The overarching goal of the “Smart art” program is to find means and measures for how the city administration may improve, change and develop – within urban planning, economy, and sustainability. This student assignment relates to them all, leaning slightly towards policy-making and business models.
Thanks to a half-century-long, successful oil and gas history, the Norwegian economy and welfare system has been thriving. Our public spending has provided us with health care, education, roads, and infrastructure – and enriching culture. Based on an expected reduction of our resources and therefore a change in the economic structure, we ask the question of how the future of our society looks like. Are we able to obtain today’s level of welfare? What do we value the most, and how should we secure it? How will the economy of the arts develop? There is a need to explore and investigate the complex ecosystem of arts funding, public support, policy-making, and business models – and in particular, the relation between the municipalities and arts. Through the “smart art”-program, the City of Stavanger has taken the initiative to address the legal, economic, and political aspects of the complex relationship between the municipality and art. The city of Stavanger is working together with UiS, NTNU, KORO, and other smart cities and networks. This assignment is included as part of the collaboration, with the potential presentation at conferences and panels.

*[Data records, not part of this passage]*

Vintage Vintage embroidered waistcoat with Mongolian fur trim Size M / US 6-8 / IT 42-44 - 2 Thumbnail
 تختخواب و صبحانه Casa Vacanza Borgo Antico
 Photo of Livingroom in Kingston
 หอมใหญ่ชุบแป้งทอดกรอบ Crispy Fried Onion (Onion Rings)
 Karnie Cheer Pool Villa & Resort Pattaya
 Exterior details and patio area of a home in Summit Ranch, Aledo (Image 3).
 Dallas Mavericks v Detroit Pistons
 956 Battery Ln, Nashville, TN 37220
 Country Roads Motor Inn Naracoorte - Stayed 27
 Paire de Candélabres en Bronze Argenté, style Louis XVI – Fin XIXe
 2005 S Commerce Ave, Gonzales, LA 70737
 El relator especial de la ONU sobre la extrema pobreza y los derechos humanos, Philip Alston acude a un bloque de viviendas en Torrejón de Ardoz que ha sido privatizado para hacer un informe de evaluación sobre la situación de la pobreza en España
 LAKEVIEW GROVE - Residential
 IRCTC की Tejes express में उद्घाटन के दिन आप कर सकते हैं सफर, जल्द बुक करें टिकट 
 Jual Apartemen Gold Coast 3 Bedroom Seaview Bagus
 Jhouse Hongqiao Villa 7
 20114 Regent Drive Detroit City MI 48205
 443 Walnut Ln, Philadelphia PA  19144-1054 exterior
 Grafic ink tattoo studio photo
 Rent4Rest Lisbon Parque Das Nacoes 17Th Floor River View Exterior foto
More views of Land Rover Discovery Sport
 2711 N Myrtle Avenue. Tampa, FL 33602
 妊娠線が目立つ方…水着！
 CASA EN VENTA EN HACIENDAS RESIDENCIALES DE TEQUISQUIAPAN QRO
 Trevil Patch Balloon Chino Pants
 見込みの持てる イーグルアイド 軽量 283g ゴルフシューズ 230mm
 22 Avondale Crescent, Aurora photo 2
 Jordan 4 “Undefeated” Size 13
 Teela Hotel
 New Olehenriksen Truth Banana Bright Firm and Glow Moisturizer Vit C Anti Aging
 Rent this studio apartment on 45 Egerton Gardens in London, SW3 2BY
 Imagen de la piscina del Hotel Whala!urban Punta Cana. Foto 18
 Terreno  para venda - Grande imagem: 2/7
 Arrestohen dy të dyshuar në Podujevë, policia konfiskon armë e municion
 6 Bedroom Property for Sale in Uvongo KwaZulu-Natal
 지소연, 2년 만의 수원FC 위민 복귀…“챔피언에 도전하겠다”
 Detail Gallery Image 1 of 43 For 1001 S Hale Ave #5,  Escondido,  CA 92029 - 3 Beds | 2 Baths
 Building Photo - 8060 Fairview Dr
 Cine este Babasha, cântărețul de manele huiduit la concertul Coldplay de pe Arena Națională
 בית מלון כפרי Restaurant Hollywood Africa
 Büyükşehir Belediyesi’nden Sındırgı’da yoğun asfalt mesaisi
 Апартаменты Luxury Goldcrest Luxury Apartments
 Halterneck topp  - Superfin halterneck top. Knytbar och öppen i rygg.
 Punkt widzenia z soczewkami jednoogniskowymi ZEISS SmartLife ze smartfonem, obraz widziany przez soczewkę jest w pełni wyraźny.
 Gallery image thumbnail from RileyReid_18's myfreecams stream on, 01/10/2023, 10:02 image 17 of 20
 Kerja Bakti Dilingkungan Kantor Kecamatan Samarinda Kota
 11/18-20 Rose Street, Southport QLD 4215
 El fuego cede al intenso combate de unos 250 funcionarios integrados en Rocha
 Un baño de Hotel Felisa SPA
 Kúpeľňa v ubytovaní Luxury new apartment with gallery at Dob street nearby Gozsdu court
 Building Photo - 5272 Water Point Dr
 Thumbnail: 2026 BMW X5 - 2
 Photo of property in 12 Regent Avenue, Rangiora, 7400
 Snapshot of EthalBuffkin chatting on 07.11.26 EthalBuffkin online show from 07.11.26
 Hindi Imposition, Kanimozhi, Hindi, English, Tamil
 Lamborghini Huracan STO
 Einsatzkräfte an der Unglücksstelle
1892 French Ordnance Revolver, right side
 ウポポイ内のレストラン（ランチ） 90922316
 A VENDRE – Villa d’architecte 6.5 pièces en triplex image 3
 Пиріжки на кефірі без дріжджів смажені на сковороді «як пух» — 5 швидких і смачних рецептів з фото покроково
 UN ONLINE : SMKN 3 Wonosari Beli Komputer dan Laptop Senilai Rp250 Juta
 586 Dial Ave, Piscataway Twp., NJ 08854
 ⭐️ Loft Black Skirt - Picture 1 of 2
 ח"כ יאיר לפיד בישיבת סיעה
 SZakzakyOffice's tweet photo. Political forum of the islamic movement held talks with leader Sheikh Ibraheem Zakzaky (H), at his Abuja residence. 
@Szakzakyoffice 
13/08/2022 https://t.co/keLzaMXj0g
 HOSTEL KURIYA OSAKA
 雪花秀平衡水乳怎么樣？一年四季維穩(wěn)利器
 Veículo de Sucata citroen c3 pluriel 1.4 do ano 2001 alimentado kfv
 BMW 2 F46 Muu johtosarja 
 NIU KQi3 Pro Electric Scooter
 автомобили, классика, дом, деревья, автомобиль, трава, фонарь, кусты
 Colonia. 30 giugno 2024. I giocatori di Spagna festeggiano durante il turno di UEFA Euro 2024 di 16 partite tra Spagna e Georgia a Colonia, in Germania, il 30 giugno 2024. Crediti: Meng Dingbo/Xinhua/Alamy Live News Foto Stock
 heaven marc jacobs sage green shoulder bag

Even if all are intertwined and mutually connected, we firstly seek new knowledge and aim to suggest new methods and models for how the municipality can increase the use of art and artistic practice within urban planning. The work requires an understanding of each role and actor involved, their self-interpretation, their understanding of each other, their expectations, and motivations. It is also necessary to map out the existing structures and procedures, as well as the legal fundaments. The assignment should conclude with an economic model for the future relationship between the municipality and the arts.